Economy, Agriculture, and Food Security

The country’s Gross Domestic Product (GDP) (current US$) was US$6.6 billion in 2003 with an annual growth rate of 2.7%. In the same year, agriculture accounted for almost 42% of GDP and about 85% of exports. Coffee is the largest export commodity for Ethiopia, drawing in 60-70% of foreign exchange earnings. The value of imports is usually considerably higher than the value of exports. In 2001, food imports and exports were about 26,283 MT (US$193.7) and 1,584 MT (US$138.7 million) respectively.

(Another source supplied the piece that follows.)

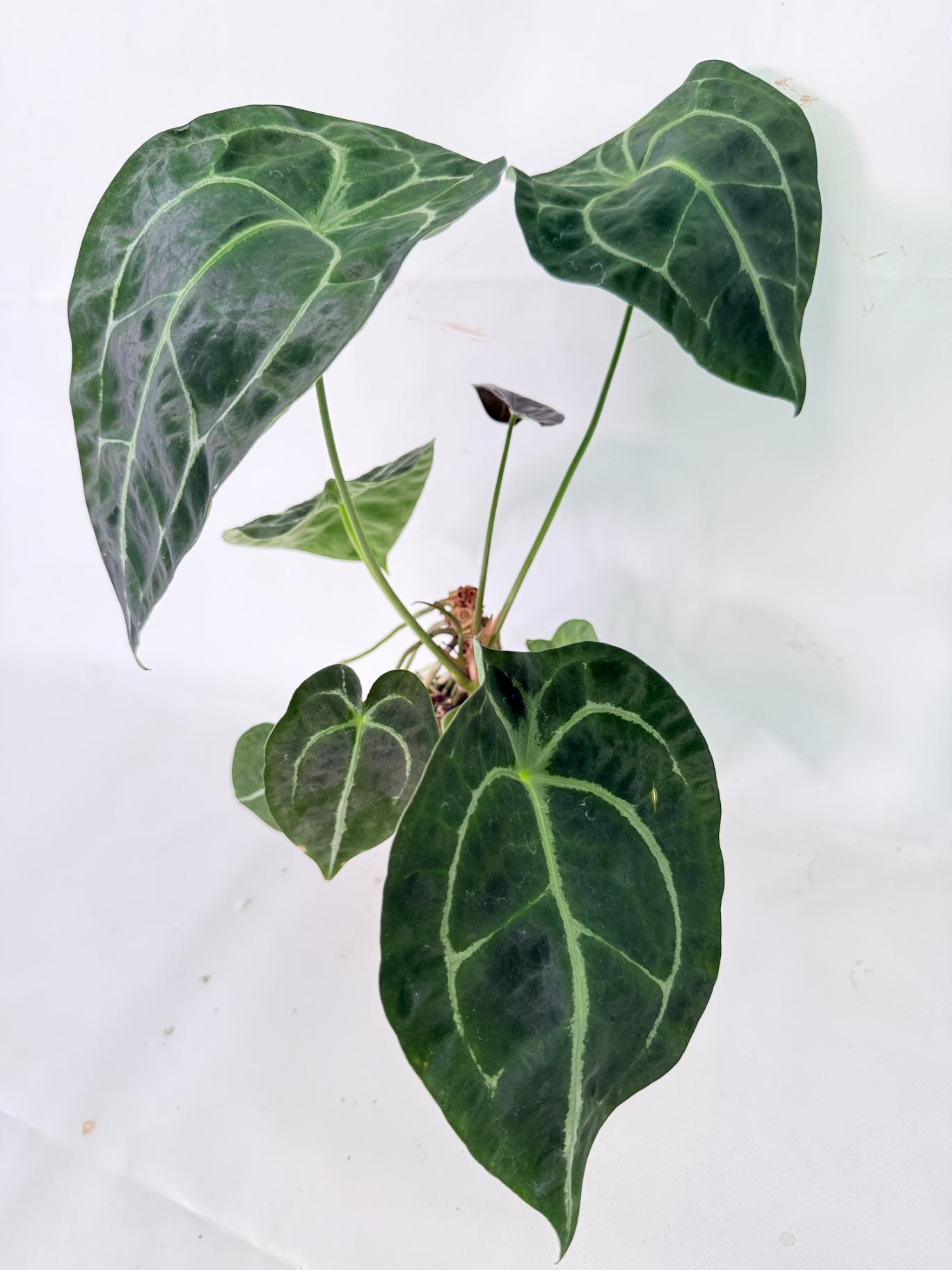 Anthurium Forgetii x Regale XL 03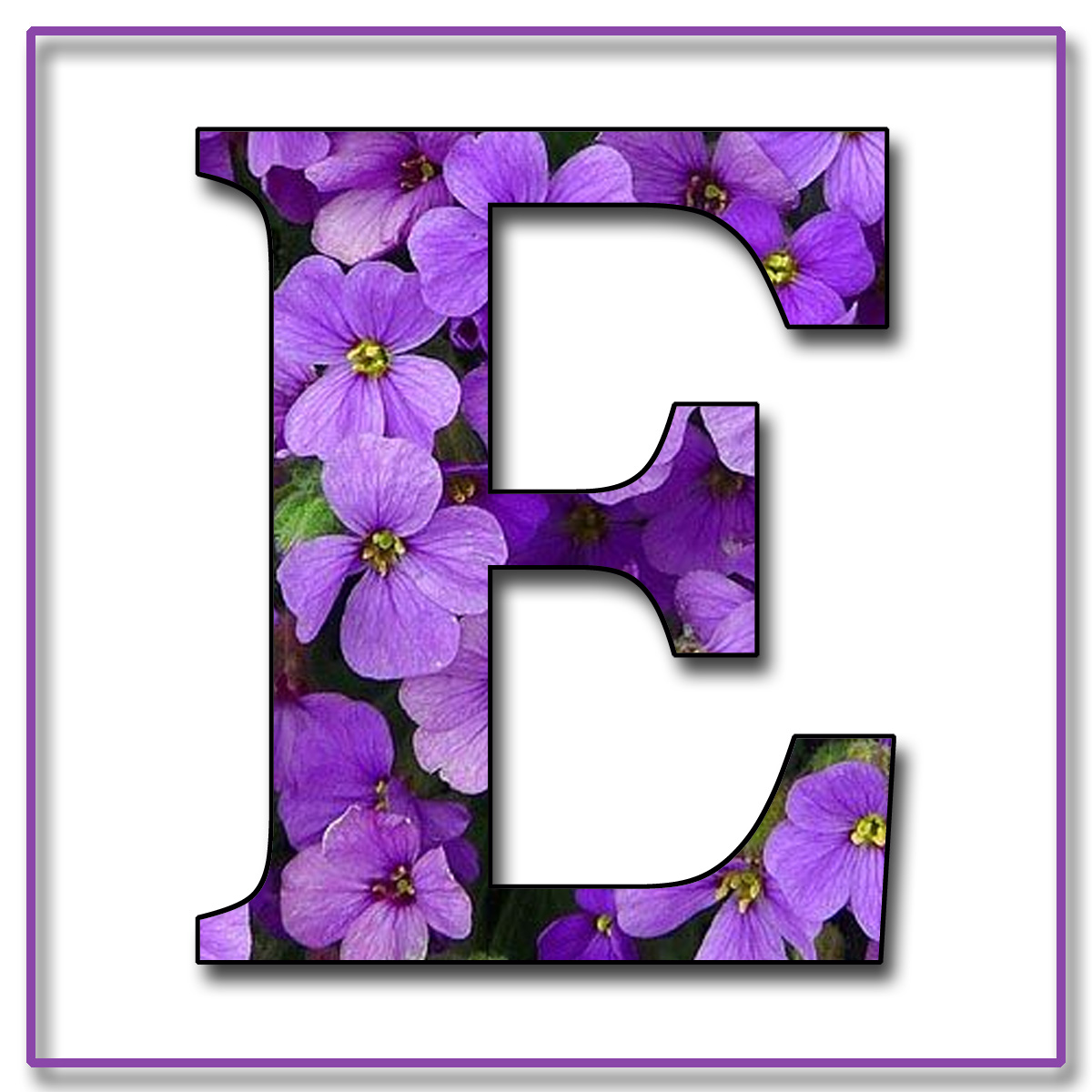 GRANNY ENCHANTED'S BLOG: "Purple Flowers" Free Scrapbook Alphabet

About 81% of the economically active population works in agriculture. The cultivated area covered about 10.7 million hectares (ha) in 2002, of which 10 million ha arable land and 0.7 million ha permanent crops (Table 1). In 1999, 83% of rural households cultivated less than 2 ha per household and 52% less than 1 ha. The following five main agricultural production systems can be distinguished in the country:

  • The highland mixed farming system is characterized by a very low level of specialization of production based on environmental and land suitability and is practiced by about 80% of the country’s population on about 45% of the total land mass in areas at more than 1,500 m above sea level. Livestock production is an integral part of the system, but is increasingly being restricted to stall feeding of animals due to scarcity of land. Animal traction (oxen) is used for land preparation to produce mainly cereals, pulses, and oil crops. The highland mixed farming system includes the grain plow complex and the horticulture hoe complex. The grain plow complex is practiced in the barley and wheat producing areas of the eastern mountains and the predominantly teff growing regions of the central and northern highlands. Declining landholding sizes because of population growth and deteriorating soil fertility are among the biggest challenges facing this production system. The horticulture hoe complex is based on the use of hoes and animal drawn plows for the production of crops that include domesticated enset, coffee, khat, and other horticultural crops and maize. Most regions of the south and southwest with prolonged humid periods practice this system.
  • The lowland mixed agricultural production system is practiced in low-lying plains, valleys, and mountain foothills, which include the northern parts of the Awash and the rift valley with elevations of less than 1,500 m. These areas mainly produce drought-tolerant varieties of maize, sorghum, wheat, and teff, along with some oil crops and lowland pulses. Oxen are used for providing traction power and communal grazing lands and crop residues are used for livestock rearing. Off-farm activities such as sale of firewood and charcoal are widely practiced.
  • The pastoral complex supports the livelihood of only 10% of the total population living in the Afar and Somali regions and the Borena zone. Livestock is the major livelihood basis of these populations that are highly mobile in search of water and grazing. Camels are the most important animals serving as both food and means of transport. Some lowland varieties of maize, sorghum and other cereals are also cultivated on flood plains or as rainfed crops.
  • Shifting cultivation is practiced in the southern and western part of the country. Fields are usually left idle after short periods of cultivation to revegetate (usually 1-2 years). Clearing of the vegetation cover is done by setting fire to it during the dry seasons before the planting of sorghum, millet, sesame, cotton, and ginger. These areas have low population densities and in some of them, livestock production is constrained by tsetse fly infestation.
  • Commercial agriculture is a farming system that has only emerged very recently. However, access to land and infrastructure-related problems as well as investment insecurity are major hindrances to the growth of this system of production.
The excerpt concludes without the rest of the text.